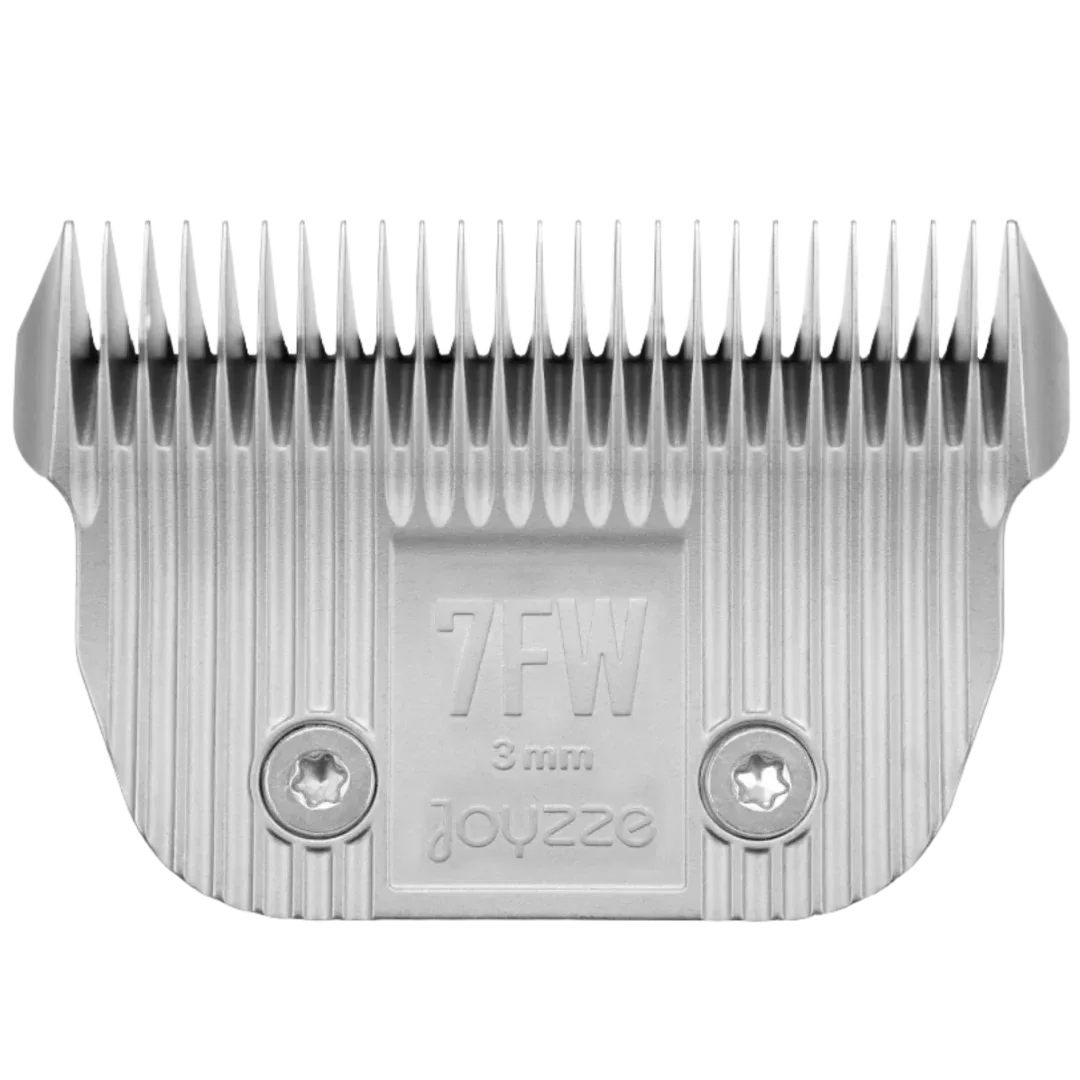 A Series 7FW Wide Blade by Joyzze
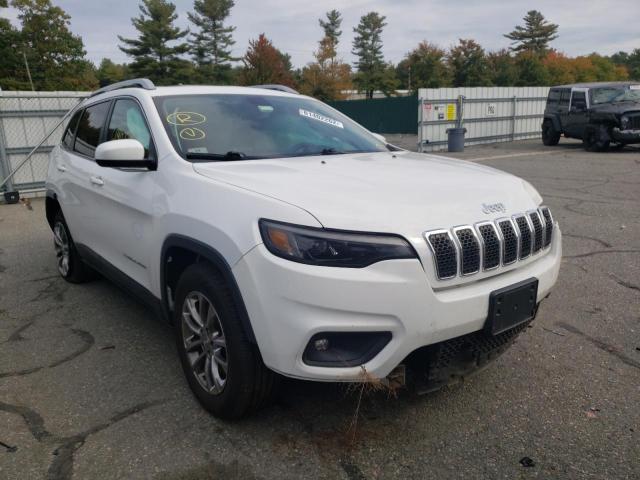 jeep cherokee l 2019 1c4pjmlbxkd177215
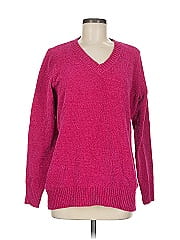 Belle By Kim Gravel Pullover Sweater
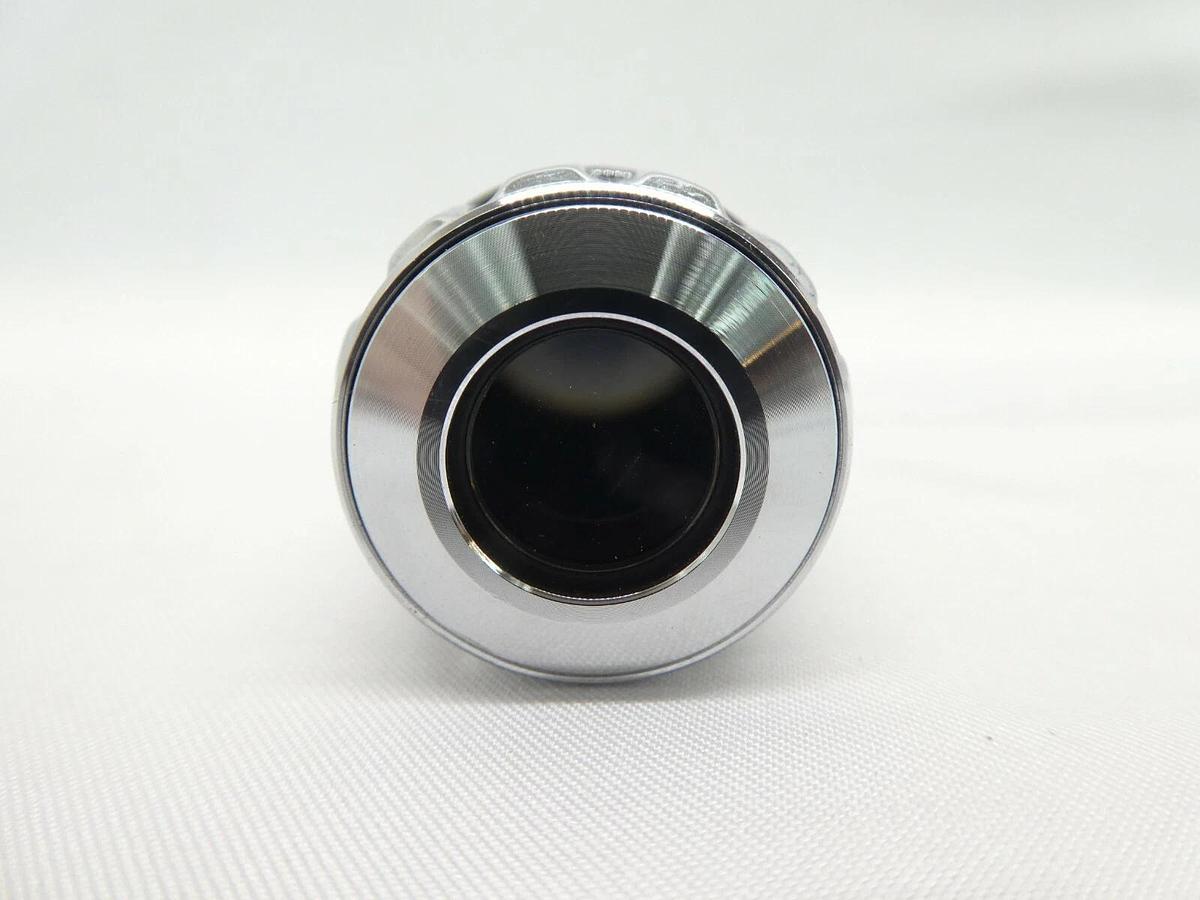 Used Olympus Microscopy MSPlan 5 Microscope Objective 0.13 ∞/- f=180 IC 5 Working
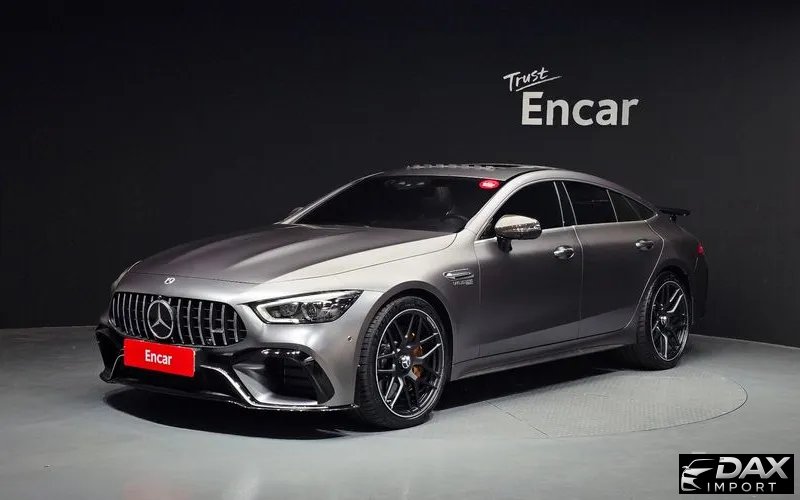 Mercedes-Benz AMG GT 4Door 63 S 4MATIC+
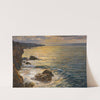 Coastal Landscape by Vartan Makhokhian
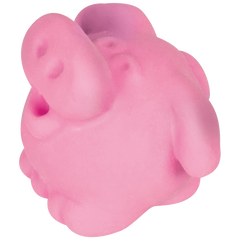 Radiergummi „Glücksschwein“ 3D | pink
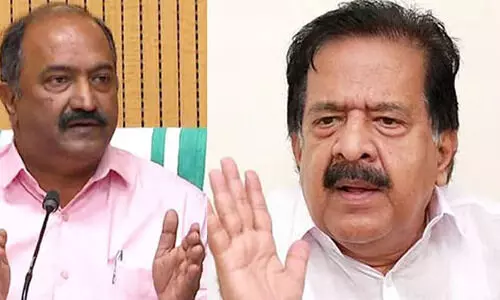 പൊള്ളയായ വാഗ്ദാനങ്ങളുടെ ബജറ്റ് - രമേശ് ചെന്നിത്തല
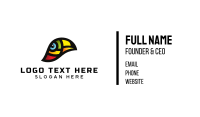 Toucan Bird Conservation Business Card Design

---------------

Problem to work on: Copy verbatim the span that opens at the line with "Belle By Kim Gravel Pullover Sweater" and closes at the final line of the listing. Do not carry over any pictures.

Exercise output:
 Belle By Kim Gravel Pullover Sweater
 Used Olympus Microscopy MSPlan 5 Microscope Objective 0.13 ∞/- f=180 IC 5 Working
 Mercedes-Benz AMG GT 4Door 63 S 4MATIC+
 Coastal Landscape by Vartan Makhokhian
 Radiergummi „Glücksschwein“ 3D | pink
 പൊള്ളയായ വാഗ്ദാനങ്ങളുടെ ബജറ്റ് - രമേശ് ചെന്നിത്തല
 Toucan Bird Conservation Business Card Design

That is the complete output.